Illinois Entertainer: How are you?
John Wicks: I’m just finishing up a run here in Athens, Georgia. It’s gorgeous.
IE: Oh, like a literal run?
JW: Yeah, I run a lot. When I’m not drumming [in Fitz And The Tantrums], I’m running. It’s like my hobby. I’m doing ultra marathons now. I’ve got a 15 miler coming up next month and then I’m training for the Cascade Crest run in Washington, which is a 100 miler, and it’s totally insane amounts of running building up for that.
IE: So the life of a traveling rock star isn’t enough, you need to push your body to the limit too?

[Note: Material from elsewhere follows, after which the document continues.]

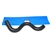 NTC5687 - Top Radiator Hose for Defender V8 with Air Con - From Chassis Number FA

JW: I will say, it’s definitely helped me with playing in this band, ’cause the show is so high energy that when I’m not in shape I definitely notice it. And Fitz [Michael Fitzpatrick] and Noelle [Scaggs] and myself are moving [constantly] for the hour and a half show . . . so it helps me to be in shape, that’s for sure.
IE: One of the hallmarks of a Fitz And The Tantrums show is the dance party atmosphere. I read that a choreographer was brought in to stage the new songs to give Fitz some moves?
JW: I don’t think Fitz has any lack of moves. They’re kind of strange moves, but there’s definitely no lack of them, but yeah, we brought in a friend of Noelle. So yeah, we’ve got some really cool moments of in sync choreography between Fitz and Noelle and the band. It’s pretty fun.
IE: You’ve been slapped with the throwback label, but after listening to the new album, More Than Just A Dream, that doesn’t really apply anymore. Why stray from something that worked so well?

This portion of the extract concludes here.